Thread Subject: Codistributed arrays performance

Subject: Codistributed arrays performance

From: Scott

Date: 8 Nov, 2009 18:00:17

Message: 1 of 8

After reading other postings related to this topic, I'm left unsatisfied by the explanation for lagging codistributed performance in mathematical operations. To try and maximize performance in my application I have done the following:

1) Write and performance tune the functions for serial (albeit multi-threaded) Matlab operation.

2) Benchmark serial performance and find the data array size that results in precipitous performance drop-off. Note that this happens long before hitting the memory limitations of my deployment machine.

3) Parallelize using codistributed arrays, managing redistribution explicitly to minimize communication problems.
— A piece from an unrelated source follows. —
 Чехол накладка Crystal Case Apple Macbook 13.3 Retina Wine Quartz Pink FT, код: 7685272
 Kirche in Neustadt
4) Benchmark parallel performance for data array sizes that exceed the serial performance drop-off size.

5) Be disappointed by the fact that the parallel benchmarks clearly show a significantly reduced performance in elementwise binary operations, e.g. codistributed.times, codistributed.rdivide, codistributed.mtimes, etc.
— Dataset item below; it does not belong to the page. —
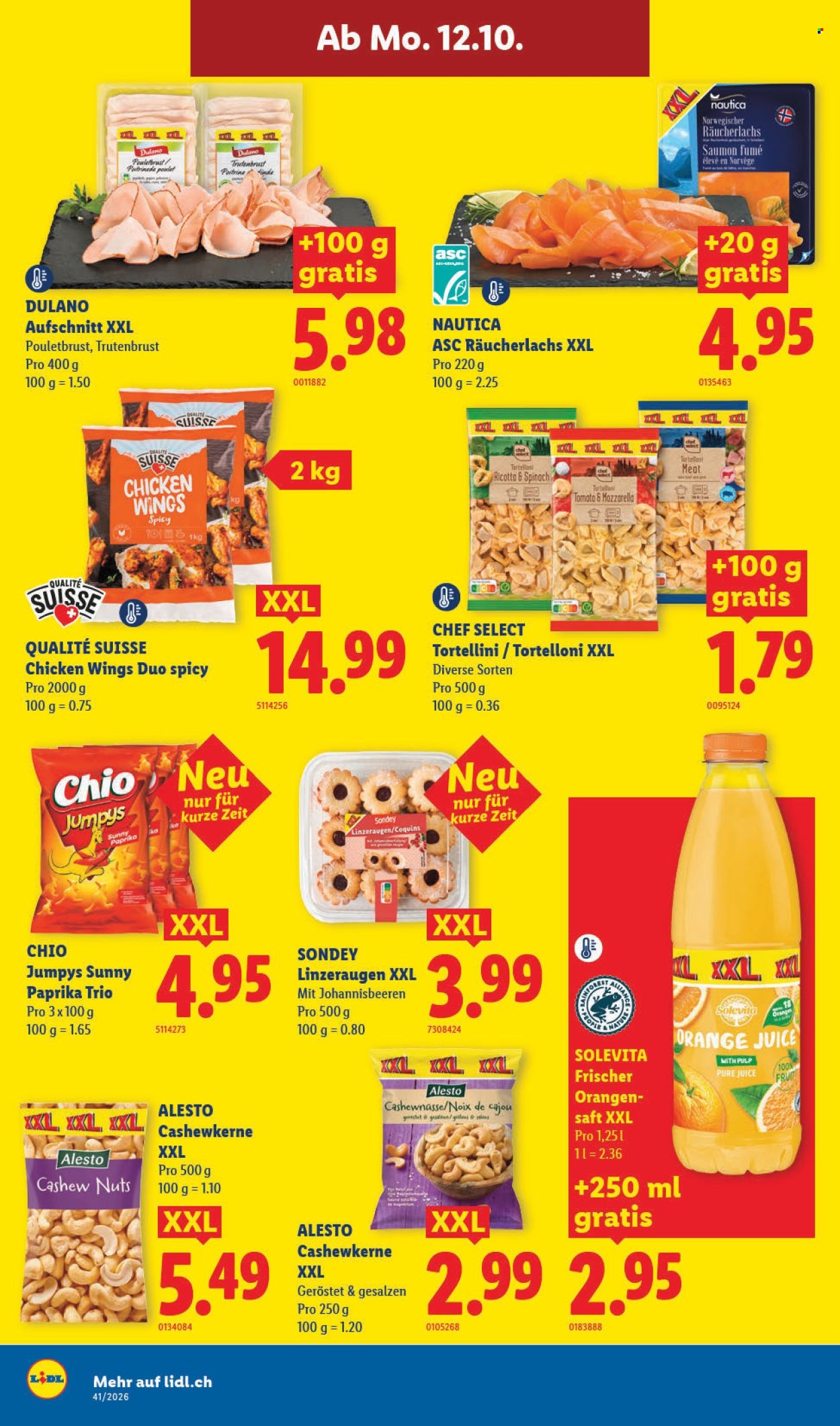 Volantino Lidl - 8.10.2026 - 14.10.2026. Pagina 24. Pagina 24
I have enough previous experience writing MPI in C++ to understand how to avoid communication bottlenecks and using the mpiprofile I was able to reduce the communication overhead to < 4.8% of the total execution time.

The majority of the execution, 61% was taken by the element wise operations, codistributor1d.hElementwiseBinaryOpImpl, which seem to reduce the performance for an identical serial operation by at least 3x.
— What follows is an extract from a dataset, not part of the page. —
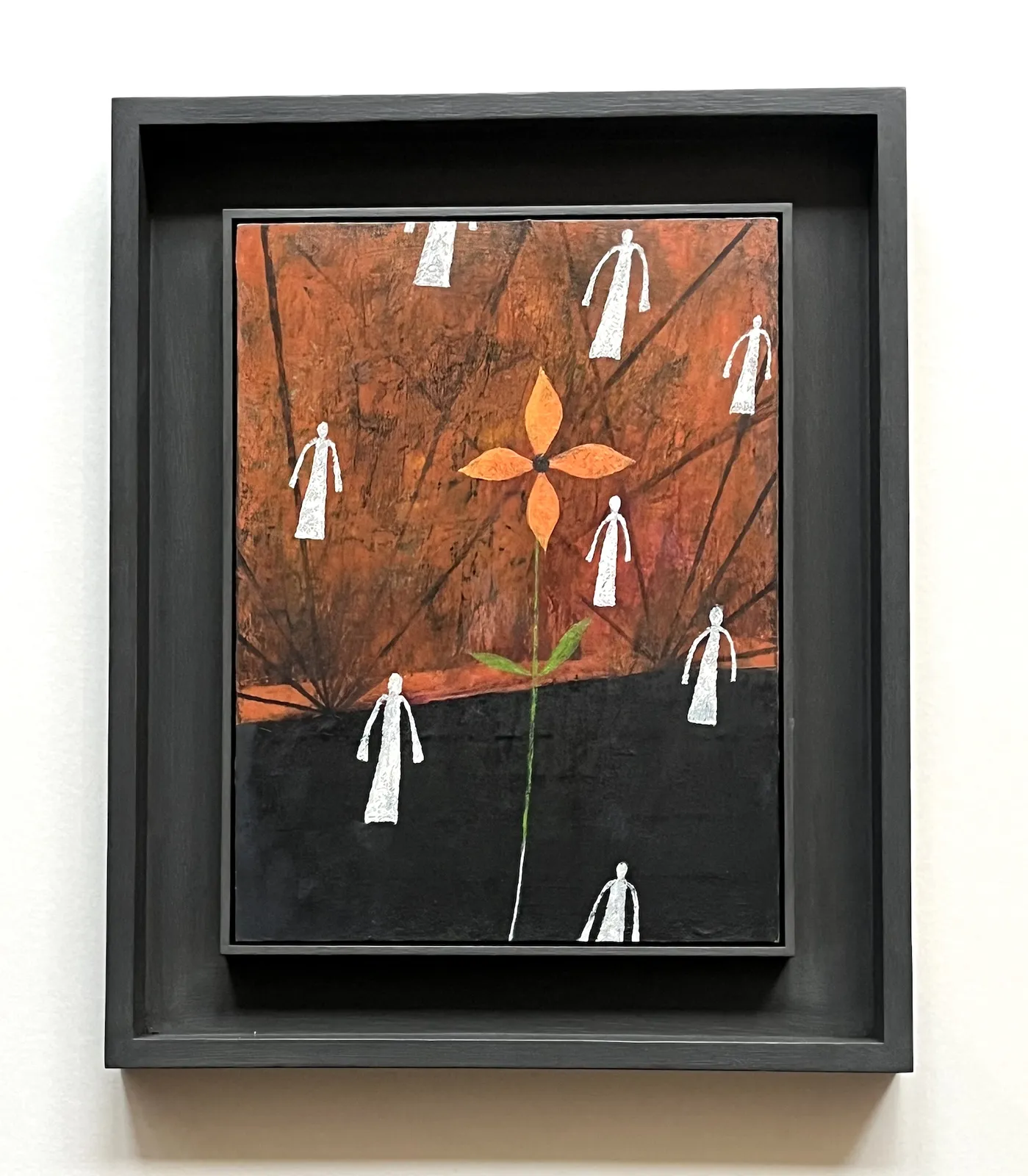 Scott Daniel Ellison, Ghost & Tiger Lily, 2025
Can someone explain why these operations, in the absence of communication overhead, are so much slower than an identical serial execution? I would buy the multi-threading argument if I hadn't made sure to find and push the data size beyond what multi-threading seems to handle efficiently before benchmarking.

Subject: Codistributed arrays performance

From: Edric M Ellis

Date: 9 Nov, 2009 09:01:11

Message: 2 of 8

"Scott " <lorentz-spampadded@fastmail.fm> writes:

> 5) Be disappointed by the fact that the parallel benchmarks clearly show a
> significantly reduced performance in elementwise binary operations,
> e.g. codistributed.times, codistributed.rdivide, codistributed.mtimes, etc.
>
> I have enough previous experience writing MPI in C++ to understand how to avoid
> communication bottlenecks and using the mpiprofile I was able to reduce the
> communication overhead to < 4.8% of the total execution time.
>
> The majority of the execution, 61% was taken by the element wise operations,
> codistributor1d.hElementwiseBinaryOpImpl, which seem to reduce the performance
> for an identical serial operation by at least 3x.
>
> Can someone explain why these operations, in the absence of communication
> overhead, are so much slower than an identical serial execution? I would buy the
> multi-threading argument if I hadn't made sure to find and push the data size
> beyond what multi-threading seems to handle efficiently before benchmarking.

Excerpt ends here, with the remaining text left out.